%%

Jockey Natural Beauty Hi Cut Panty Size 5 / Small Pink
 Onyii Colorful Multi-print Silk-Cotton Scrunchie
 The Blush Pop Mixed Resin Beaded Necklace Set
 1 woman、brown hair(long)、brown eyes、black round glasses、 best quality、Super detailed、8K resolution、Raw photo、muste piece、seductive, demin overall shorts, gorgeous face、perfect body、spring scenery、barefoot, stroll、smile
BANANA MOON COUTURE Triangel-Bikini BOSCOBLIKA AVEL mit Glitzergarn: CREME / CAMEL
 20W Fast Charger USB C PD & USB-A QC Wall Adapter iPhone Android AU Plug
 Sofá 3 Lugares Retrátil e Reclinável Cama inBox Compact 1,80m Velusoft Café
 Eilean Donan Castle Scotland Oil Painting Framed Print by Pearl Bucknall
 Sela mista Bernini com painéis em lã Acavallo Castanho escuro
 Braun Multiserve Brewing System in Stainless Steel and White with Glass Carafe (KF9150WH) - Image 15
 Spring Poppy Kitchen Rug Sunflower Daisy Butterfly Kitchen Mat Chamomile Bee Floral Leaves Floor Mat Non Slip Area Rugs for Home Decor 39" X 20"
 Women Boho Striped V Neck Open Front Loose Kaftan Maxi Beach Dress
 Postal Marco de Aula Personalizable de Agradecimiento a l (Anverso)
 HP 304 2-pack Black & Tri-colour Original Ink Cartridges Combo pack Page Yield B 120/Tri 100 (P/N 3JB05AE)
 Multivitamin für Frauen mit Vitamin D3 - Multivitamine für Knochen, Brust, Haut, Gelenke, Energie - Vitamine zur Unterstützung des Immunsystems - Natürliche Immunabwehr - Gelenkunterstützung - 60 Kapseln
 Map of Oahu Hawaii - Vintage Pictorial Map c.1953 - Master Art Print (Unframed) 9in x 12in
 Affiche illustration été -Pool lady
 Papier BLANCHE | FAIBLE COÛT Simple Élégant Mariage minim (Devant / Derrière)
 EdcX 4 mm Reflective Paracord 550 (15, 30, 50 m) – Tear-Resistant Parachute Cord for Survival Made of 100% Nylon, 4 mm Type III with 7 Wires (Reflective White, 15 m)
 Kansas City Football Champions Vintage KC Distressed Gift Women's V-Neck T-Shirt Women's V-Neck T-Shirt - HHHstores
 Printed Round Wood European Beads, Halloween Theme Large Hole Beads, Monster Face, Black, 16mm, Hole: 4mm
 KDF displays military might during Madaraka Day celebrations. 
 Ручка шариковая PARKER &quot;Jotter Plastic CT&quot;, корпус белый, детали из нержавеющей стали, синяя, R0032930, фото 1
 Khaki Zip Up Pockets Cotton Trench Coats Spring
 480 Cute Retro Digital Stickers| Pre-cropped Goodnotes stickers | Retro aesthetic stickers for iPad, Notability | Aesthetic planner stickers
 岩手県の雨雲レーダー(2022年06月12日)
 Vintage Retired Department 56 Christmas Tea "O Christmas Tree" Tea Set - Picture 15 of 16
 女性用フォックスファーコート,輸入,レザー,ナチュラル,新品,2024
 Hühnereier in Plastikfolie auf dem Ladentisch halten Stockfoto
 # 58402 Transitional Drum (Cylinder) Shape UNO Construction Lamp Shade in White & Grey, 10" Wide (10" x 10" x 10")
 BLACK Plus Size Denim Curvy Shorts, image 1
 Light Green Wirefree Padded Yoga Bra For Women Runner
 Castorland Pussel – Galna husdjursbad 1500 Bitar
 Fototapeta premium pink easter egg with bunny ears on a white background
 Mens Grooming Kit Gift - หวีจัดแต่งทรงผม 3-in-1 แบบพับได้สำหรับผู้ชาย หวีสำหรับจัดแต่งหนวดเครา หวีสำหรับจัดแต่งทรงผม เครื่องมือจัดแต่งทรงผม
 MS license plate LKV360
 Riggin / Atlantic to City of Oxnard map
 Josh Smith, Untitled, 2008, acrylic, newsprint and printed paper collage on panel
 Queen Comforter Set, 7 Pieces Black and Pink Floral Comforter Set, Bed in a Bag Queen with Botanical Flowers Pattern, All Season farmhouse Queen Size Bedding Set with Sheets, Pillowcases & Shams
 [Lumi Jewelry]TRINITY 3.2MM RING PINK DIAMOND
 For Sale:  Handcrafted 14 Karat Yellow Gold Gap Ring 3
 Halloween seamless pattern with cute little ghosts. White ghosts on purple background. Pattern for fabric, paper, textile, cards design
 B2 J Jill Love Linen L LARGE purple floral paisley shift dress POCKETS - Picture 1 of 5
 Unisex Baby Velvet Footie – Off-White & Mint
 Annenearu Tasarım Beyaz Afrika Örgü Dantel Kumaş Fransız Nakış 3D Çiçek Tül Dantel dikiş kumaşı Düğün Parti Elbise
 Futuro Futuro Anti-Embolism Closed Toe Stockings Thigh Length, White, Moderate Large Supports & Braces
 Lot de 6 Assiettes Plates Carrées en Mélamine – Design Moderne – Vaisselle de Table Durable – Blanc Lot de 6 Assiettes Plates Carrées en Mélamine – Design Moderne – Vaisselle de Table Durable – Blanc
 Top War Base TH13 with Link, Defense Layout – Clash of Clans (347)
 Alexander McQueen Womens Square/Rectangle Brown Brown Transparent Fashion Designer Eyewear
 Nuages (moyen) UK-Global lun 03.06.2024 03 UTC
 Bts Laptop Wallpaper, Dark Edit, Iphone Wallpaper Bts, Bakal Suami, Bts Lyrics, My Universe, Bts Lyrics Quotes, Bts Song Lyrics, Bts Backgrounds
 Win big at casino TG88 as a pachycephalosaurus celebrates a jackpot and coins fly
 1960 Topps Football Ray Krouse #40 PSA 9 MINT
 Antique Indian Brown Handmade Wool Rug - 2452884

%%

Task item: Please give again the lines above between the line holding "Halloween seamless pattern" and the line holding "B2 J Jill Love", inclusive, exactly as they are and with nothing added.

Result for this exercise:
 Halloween seamless pattern with cute little ghosts. White ghosts on purple background. Pattern for fabric, paper, textile, cards design
 B2 J Jill Love Linen L LARGE purple floral paisley shift dress POCKETS - Picture 1 of 5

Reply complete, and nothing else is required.